> WHAT YOU WILL DO
Copy exactly the lines of the data below that run from the line holding "Stickers muraux - Plan" through the line holding "Galleyz Paslanmaz Çelik", both ends included.

> DATA EXCERPTS
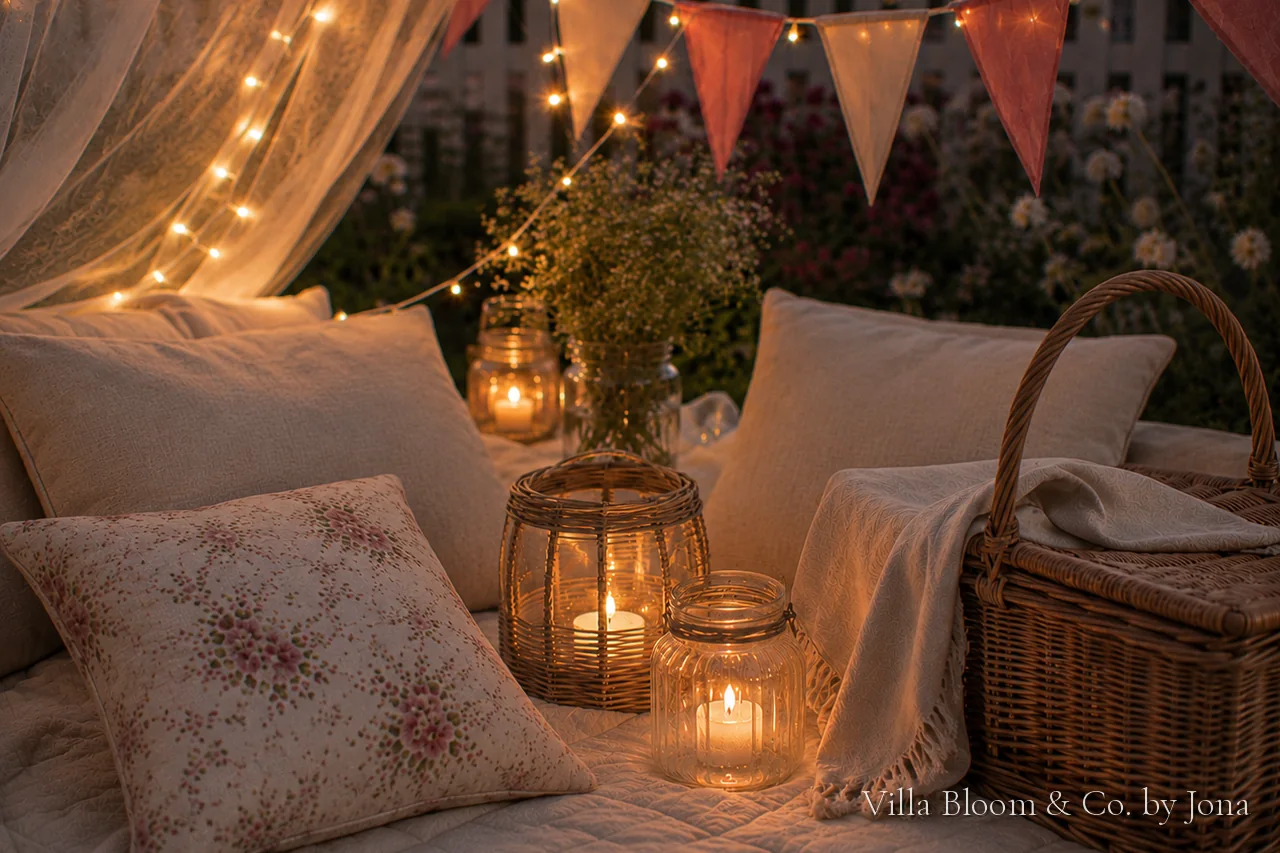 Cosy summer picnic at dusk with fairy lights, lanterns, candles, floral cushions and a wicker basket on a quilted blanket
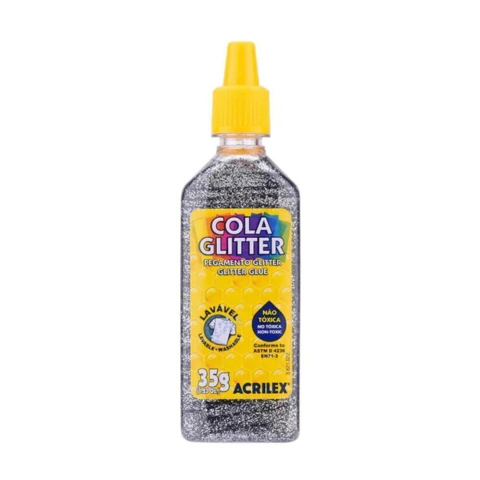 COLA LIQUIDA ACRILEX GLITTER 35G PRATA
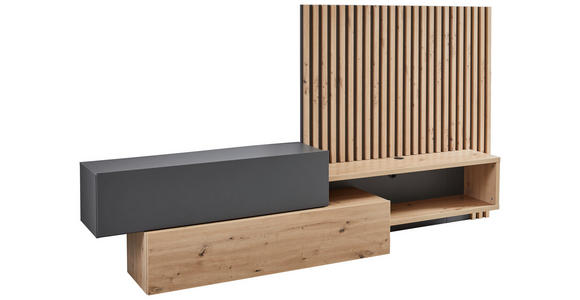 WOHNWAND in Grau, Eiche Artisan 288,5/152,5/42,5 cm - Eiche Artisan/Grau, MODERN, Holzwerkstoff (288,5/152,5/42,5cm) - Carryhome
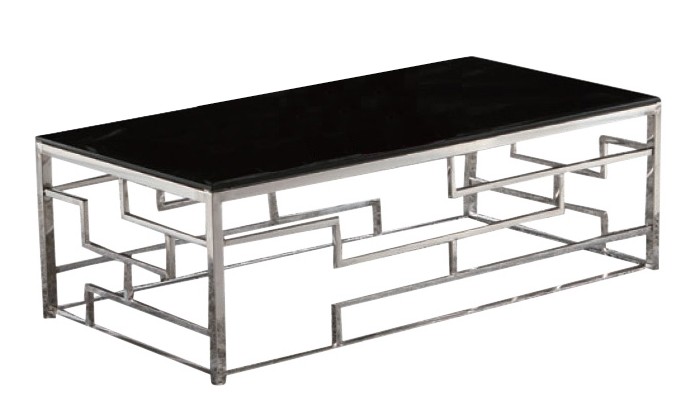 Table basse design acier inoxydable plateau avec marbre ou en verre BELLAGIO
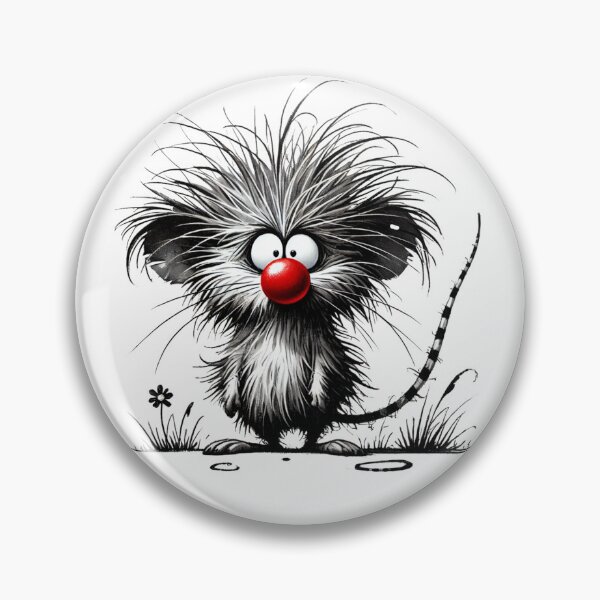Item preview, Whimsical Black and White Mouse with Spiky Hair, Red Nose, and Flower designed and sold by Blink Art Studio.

* * *

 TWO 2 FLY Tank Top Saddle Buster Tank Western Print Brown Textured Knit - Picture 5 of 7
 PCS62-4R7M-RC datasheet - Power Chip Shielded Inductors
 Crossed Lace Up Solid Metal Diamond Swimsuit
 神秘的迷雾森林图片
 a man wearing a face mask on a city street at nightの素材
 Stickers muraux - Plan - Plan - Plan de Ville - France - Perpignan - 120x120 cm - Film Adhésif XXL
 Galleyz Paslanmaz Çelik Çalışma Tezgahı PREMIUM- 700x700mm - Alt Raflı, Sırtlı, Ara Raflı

> EXERCISE RESULT
 Stickers muraux - Plan - Plan - Plan de Ville - France - Perpignan - 120x120 cm - Film Adhésif XXL
 Galleyz Paslanmaz Çelik Çalışma Tezgahı PREMIUM- 700x700mm - Alt Raflı, Sırtlı, Ara Raflı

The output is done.